Abstract

Optical burst switching (OBS) is a promising technique for supporting high-capacity bursty data traffic over optical wavelength-division-multiplexed (WDM) networks. A label-switched path can be established to forward a burst control packet (BCP) if each OBS node is augmented with an IP/MPLS controller. Such a network is called a labeled OBS (LOBS) network, and it can exploit the explicit routing and constraint-based routing properties supported in the MPLS framework to perform traffic and resource engineering. However, the burst-loss probability (denoted as BLP) can be large if the traffic is not properly engineered in a LOBS network, especially after a failure occurs.

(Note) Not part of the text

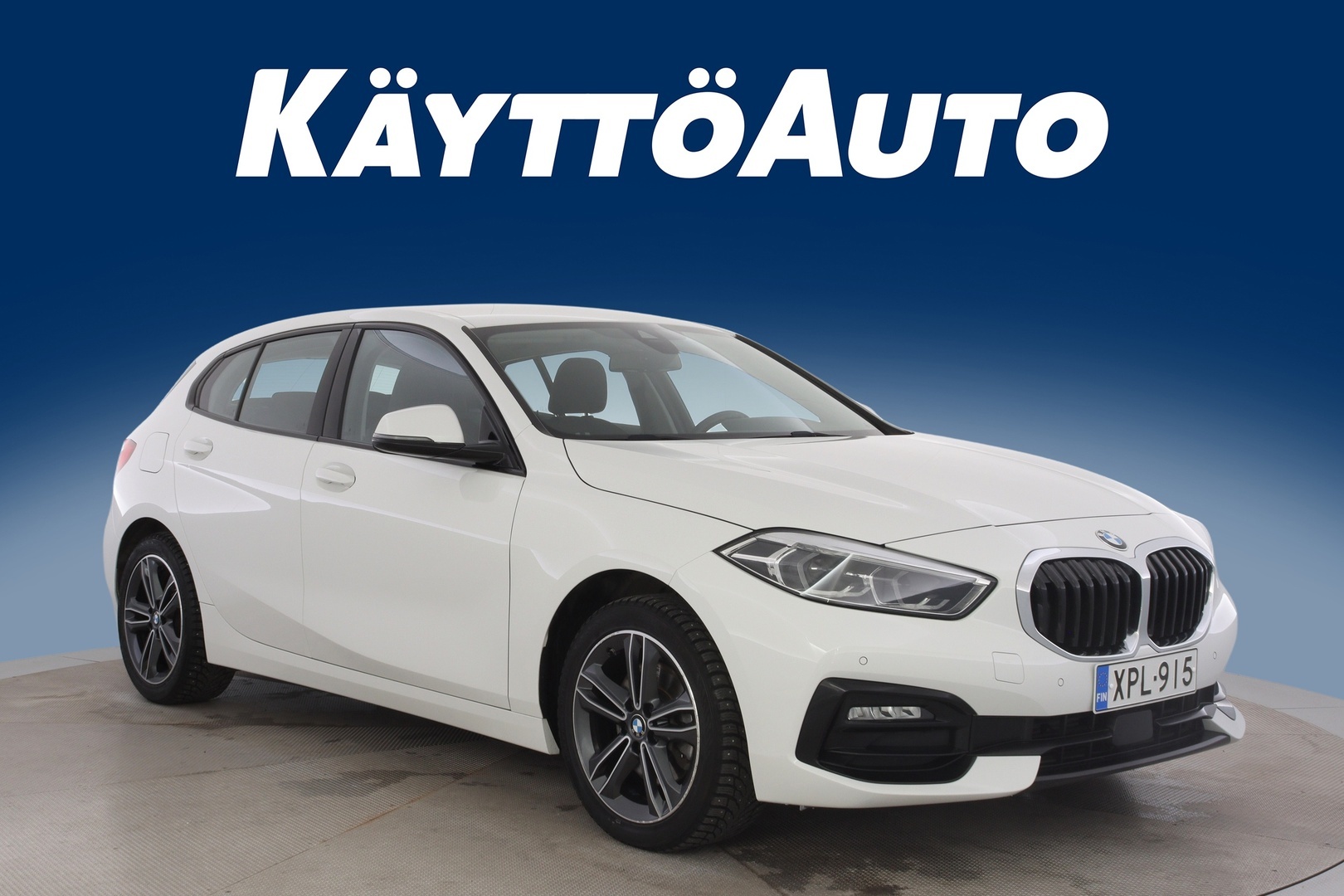 BMW 118 2021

In this paper, we propose to use pre-planned global rerouting to balance network load and to restore bursts after a link fails. We apply optimization techniques to pre-plan explicit backup routes for failure scenarios. Our objective is to achieve optimal load balancing both before and after a failure such that the network state can still remain stable with minimum BLP when failure occurs. We apply the pre-planned global rerouting method in a LOBS network and study the performance of different rerouting schemes on some typical network topologies. Our illustrative numerical examples show that the BLP can be significantly reduced by 25%-99% (when the average link load is less than 0.5) using globally rerouted backup routes, when compared with the scheme without global rerouting. We also observe that the BLP is reduced by 20%-65% (when the average link load is less than 0.5) if the rerouting is done using optimization techniques, when compared with shortest-path routing.